We did a tutorial on DEBS 2015 (9th ACM International Conference on Distributed Event-Based Systems), describing a set of realtime analytics patterns. Following is the summary of the tutorial.
Realtime analytics, or what people call Realtime Analytics, have two flavors.
- Realtime Interactive/Ad-hoc Analytics (users issue ad-hoc dynamic queries and the system responds interactively). Among example of such systems are Druid, SAP Hana, VoltDB, MemSQL, and Apache Drill.
- Realtime Streaming Analytics ( users issue static queries once and they do not change, and the system process data as they come in without storing). CEP and Stream Processing technologies are two example technologies that enable streaming analytics.

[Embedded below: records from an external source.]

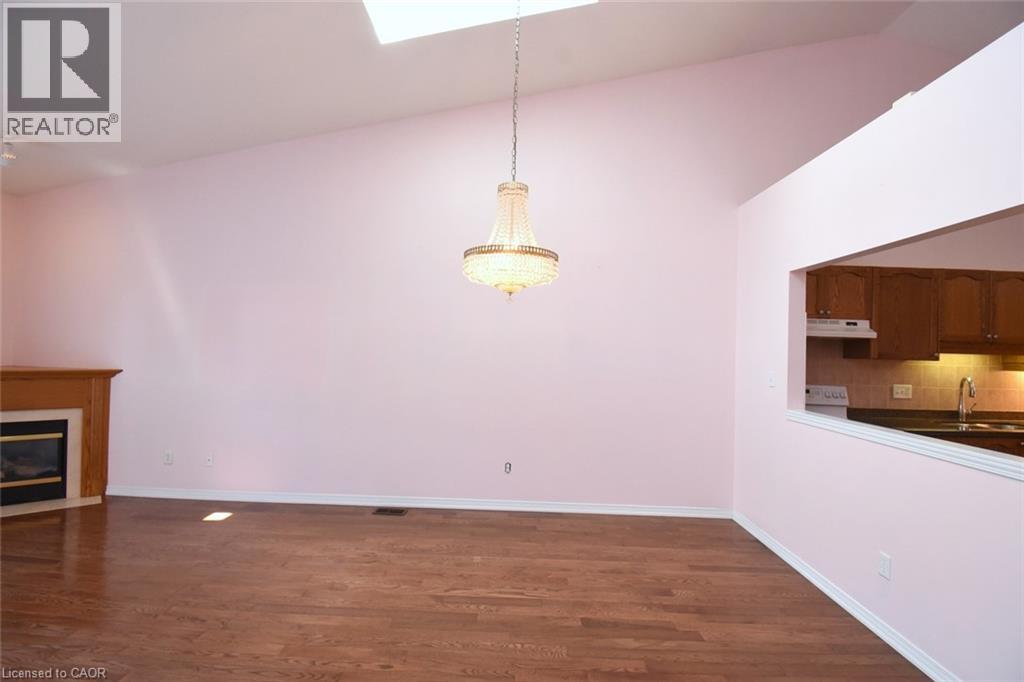 566 Southridge Drive Unit# 61, Hamilton, Ontario  L9C 7W5 - Photo 8 - 40837855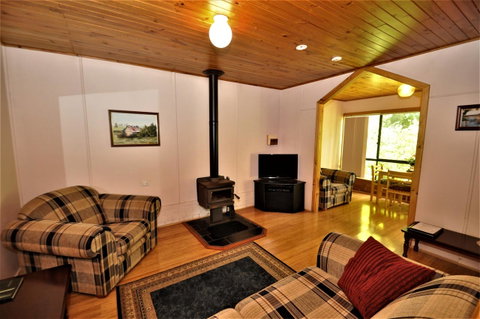 Treenbrook Cottages - Accommodation Gladstone 14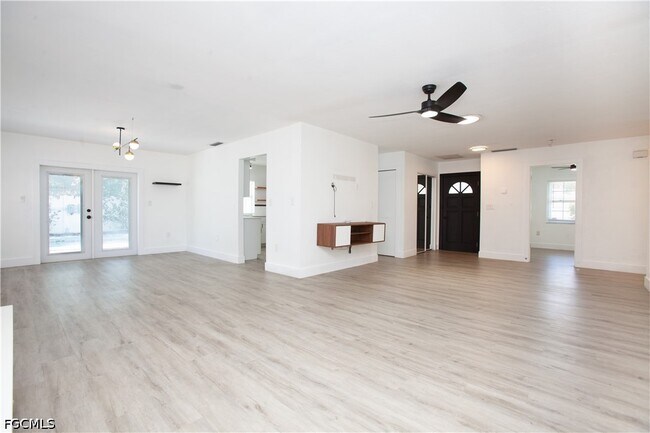 Building Photo - 18165 Baruch Dr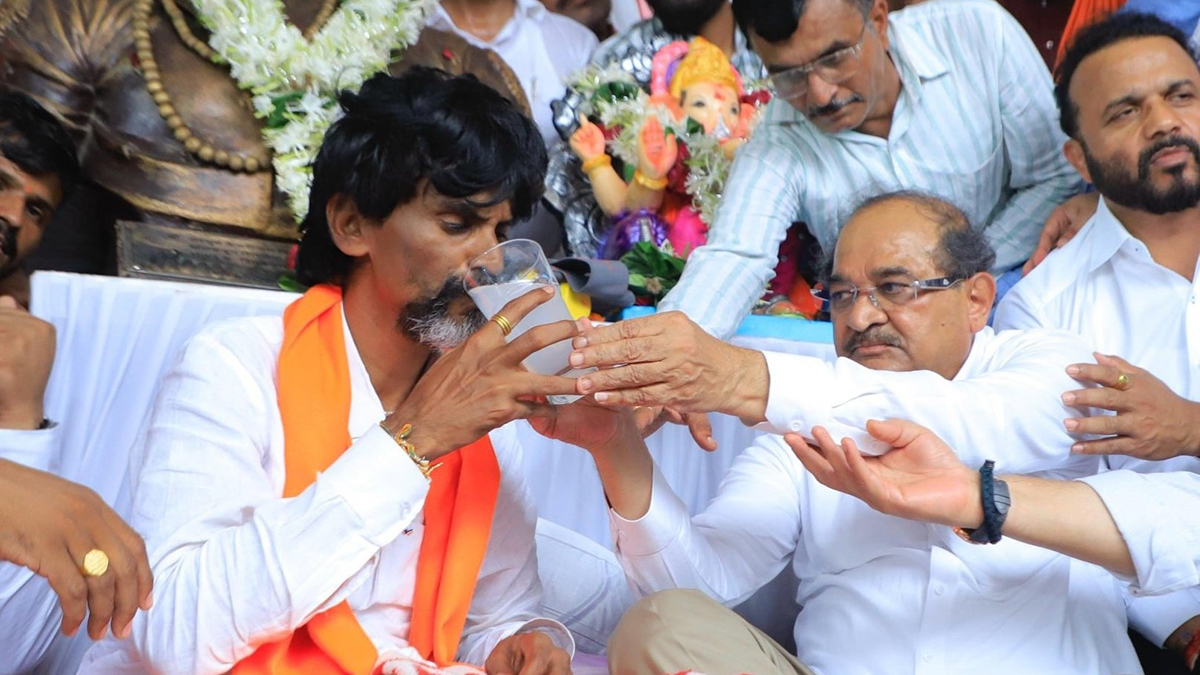 मनोज जरांगेंनी उपोषण सोडले, अखेर सरकारचा जीआर स्वीकारला! पाचव्या दिवशी आंदोलनाची सांगता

Realtime Interactive Analytics allow users to explore a large data set by issuing ad-hoc queries. Queries should respond within 10 seconds, which is considered the upper bound for acceptable human interaction. In contrast, this tutorial focuses on Realtime Streaming Analytics, which is processing data as they come in without storing them and react to those data very fast, often within few milliseconds. Such technologies are not new. History goes back to Active Databases (2000+), Stream processing (e.g. Aurora (2003) , Borealis (2005+) and later Apache Storm), Distributed Streaming Operators(2005), and Complex Event processing.
Still when thinking about Realtime analytics, many think only counting usecases. As we shall discuss, counting usecases are only the tip of the iceberg of real-life realtime usecases. Since the input data arrives as a data stream, a time dimension always presents in the data. This time dimension allows us to implement and perform much powerful usecases. For an example, Complex Event Processing technology provide operators like windows, joins, and temporal event sequence detection.
Stream processing technologies like Apache Samza and Apache Storm has received much attention under the theme large scale streaming analytics. However, these tools force every programmer to design and implement realtime analytics processing from first principals.
For an example, if users need a time window, they need to implement it from first principals. This is like every programmer implementing his own list data structure. Better understanding of common patterns will let us understand the domain better and build tools that handle those scenarios. This tutorial try to address this gap by describing 13 common relatime streaming analytics patterns and how to implement them. In the discussion, we will draw heavily from real life usecases done under Complex Event Processing and other technologies.
Realtime Streaming Analytics Patterns
Before looking at the patterns, let’s first agree on the terminology. Realtime Streaming Analytics accepts input as a set of streams where each stream consists of many events ordered in time. Each event has many attributes, but all events in a same stream have the same set of attributes or schema.
Pattern 1: Preprocessing
Preprocessing is often done as a projection from one data stream to the other or through filtering. Potential operations include
- Filtering and removing some events
- Reshaping a stream by removing, renaming, or adding new attributes to a stream
- Splitting and combining attributes in a stream
- Transforming attributes
For example, from a twitter data stream, we might choose to extract the fields: author, timestamp, location, and then filter them based on the location of the author.
Pattern 2: Alerts and Thresholds
This pattern detects a condition and generates alerts based on a condition. (e.g. Alarm on high temperature). These alerts can be based on a simple value or more complex conditions such as rate of increase etc.
For an example, in TFL (Transport for London) Demo video based on transit data from London, we trigger a speed alert when the bus has exceed a given speed limit.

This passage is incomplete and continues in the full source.